*ASSIGNMENT*.
Whenever a line of the records below contains the word "guess", copy that line.
── TASK DATA
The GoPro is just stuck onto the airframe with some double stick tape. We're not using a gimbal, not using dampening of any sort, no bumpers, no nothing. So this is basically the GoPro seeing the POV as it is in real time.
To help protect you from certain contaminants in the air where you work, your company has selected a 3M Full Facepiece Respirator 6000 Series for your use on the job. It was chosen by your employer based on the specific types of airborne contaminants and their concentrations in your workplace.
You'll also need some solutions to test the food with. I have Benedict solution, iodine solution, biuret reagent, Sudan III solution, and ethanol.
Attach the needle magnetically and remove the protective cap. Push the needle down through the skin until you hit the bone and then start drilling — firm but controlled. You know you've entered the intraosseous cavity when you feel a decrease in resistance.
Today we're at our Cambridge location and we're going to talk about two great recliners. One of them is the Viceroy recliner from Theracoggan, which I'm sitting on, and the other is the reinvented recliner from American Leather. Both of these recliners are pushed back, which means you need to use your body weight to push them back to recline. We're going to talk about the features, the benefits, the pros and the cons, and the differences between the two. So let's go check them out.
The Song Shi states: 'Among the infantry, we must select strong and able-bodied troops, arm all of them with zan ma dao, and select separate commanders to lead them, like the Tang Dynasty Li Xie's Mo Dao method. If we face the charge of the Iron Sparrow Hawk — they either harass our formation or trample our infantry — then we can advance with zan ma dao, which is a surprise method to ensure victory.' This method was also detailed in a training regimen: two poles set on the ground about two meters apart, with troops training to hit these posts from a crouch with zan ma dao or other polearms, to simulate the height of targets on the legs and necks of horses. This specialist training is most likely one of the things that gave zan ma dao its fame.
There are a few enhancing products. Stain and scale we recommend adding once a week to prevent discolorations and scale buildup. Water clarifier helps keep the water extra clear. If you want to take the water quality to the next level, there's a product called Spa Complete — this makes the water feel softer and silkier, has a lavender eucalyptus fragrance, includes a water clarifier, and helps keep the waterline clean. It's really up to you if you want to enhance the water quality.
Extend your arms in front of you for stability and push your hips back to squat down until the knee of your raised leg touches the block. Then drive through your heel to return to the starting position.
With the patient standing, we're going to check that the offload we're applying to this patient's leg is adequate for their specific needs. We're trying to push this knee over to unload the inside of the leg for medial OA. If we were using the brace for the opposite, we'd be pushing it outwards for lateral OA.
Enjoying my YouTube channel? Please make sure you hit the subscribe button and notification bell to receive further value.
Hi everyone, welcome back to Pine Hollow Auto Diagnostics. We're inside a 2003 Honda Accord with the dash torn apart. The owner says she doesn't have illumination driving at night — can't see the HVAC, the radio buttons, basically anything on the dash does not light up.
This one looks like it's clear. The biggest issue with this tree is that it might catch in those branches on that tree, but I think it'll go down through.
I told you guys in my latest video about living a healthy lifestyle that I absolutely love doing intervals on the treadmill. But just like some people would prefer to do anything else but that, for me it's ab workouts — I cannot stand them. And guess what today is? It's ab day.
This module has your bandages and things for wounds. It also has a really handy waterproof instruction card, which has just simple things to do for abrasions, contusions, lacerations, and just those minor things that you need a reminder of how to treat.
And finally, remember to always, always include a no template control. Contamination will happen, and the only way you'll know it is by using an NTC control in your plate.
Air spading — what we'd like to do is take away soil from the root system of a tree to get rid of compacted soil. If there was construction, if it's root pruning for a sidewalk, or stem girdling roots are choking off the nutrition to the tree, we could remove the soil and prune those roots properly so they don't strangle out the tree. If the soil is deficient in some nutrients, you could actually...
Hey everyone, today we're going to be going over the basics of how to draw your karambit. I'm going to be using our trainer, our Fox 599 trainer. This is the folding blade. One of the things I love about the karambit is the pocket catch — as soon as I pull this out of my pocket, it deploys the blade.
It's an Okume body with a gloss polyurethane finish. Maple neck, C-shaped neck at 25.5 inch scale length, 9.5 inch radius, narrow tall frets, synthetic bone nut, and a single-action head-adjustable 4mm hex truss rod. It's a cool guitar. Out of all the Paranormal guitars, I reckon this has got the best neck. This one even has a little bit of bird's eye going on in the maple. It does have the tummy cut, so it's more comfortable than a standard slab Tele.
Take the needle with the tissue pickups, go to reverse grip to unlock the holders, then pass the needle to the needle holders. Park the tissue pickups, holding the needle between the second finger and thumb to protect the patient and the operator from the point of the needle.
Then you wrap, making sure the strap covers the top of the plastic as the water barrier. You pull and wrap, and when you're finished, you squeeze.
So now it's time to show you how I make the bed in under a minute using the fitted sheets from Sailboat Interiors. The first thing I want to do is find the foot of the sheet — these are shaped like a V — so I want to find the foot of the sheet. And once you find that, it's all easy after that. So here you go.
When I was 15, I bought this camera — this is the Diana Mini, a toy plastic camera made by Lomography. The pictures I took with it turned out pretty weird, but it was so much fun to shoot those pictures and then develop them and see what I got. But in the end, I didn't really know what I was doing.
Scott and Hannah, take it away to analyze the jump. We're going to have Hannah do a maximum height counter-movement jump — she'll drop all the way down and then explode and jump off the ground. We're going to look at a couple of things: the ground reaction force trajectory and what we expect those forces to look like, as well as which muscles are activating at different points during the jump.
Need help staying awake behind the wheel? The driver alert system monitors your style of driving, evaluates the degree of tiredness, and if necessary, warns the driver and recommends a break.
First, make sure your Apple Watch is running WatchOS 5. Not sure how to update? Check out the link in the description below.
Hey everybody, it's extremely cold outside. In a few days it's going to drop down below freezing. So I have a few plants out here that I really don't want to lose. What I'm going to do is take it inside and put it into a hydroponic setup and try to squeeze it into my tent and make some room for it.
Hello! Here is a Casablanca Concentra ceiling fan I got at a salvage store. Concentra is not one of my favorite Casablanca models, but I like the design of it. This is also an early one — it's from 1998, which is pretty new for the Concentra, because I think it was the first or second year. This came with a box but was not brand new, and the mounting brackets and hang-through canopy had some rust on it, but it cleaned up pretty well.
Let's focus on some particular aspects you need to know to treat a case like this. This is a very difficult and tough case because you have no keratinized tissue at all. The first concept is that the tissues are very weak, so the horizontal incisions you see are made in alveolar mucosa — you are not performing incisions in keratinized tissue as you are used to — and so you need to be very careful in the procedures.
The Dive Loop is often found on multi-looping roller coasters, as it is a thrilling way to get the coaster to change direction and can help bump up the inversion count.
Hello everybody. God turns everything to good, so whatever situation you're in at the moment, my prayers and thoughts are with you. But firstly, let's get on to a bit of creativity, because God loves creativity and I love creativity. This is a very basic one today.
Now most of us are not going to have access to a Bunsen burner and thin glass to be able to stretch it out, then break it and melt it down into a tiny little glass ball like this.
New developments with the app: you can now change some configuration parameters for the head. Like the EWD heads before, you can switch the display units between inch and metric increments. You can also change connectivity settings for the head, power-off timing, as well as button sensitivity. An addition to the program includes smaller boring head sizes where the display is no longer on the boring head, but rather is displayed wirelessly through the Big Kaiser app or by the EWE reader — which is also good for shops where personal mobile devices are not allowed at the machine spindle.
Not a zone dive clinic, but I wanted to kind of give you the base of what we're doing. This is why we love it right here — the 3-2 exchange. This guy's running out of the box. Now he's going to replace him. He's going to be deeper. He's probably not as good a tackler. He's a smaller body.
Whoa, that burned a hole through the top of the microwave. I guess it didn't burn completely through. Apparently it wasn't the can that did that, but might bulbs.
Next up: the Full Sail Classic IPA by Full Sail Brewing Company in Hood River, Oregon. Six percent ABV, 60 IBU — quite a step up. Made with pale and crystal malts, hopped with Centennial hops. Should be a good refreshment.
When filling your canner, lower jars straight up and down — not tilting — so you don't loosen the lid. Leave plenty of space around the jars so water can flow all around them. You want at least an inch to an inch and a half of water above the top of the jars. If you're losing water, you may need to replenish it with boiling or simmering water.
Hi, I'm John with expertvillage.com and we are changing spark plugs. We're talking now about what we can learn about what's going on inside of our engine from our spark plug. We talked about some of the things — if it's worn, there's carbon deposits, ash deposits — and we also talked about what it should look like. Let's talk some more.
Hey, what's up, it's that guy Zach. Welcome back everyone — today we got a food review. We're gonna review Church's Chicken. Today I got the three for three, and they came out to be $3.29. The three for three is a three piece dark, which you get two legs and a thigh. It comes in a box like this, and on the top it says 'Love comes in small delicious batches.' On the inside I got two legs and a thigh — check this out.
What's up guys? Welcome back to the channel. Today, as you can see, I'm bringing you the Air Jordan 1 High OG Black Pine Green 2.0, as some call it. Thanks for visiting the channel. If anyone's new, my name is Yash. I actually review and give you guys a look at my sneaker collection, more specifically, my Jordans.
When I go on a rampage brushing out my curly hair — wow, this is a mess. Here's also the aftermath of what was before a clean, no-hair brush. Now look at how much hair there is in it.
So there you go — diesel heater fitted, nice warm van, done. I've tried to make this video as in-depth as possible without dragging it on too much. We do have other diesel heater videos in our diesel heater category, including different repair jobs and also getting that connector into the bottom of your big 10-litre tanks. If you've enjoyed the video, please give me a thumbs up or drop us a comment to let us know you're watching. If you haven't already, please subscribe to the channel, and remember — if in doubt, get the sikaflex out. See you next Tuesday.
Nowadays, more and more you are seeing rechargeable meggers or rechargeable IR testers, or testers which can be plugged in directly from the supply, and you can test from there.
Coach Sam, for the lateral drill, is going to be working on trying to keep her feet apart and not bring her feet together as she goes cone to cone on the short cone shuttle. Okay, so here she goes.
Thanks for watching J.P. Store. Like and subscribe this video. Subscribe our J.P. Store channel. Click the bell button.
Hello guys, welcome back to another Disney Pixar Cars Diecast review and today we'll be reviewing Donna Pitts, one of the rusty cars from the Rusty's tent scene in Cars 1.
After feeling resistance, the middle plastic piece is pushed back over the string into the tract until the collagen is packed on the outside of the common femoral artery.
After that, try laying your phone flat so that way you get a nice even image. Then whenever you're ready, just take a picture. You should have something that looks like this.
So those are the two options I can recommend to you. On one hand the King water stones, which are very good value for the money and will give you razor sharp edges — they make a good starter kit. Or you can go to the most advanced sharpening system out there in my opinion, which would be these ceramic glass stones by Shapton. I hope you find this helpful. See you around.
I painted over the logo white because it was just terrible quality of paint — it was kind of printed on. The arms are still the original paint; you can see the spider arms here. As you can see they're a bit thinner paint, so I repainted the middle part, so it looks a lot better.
────
*OUTPUT BELOW*.
I told you guys in my latest video about living a healthy lifestyle that I absolutely love doing intervals on the treadmill. But just like some people would prefer to do anything else but that, for me it's ab workouts — I cannot stand them. And guess what today is? It's ab day.
Whoa, that burned a hole through the top of the microwave. I guess it didn't burn completely through. Apparently it wasn't the can that did that, but might bulbs.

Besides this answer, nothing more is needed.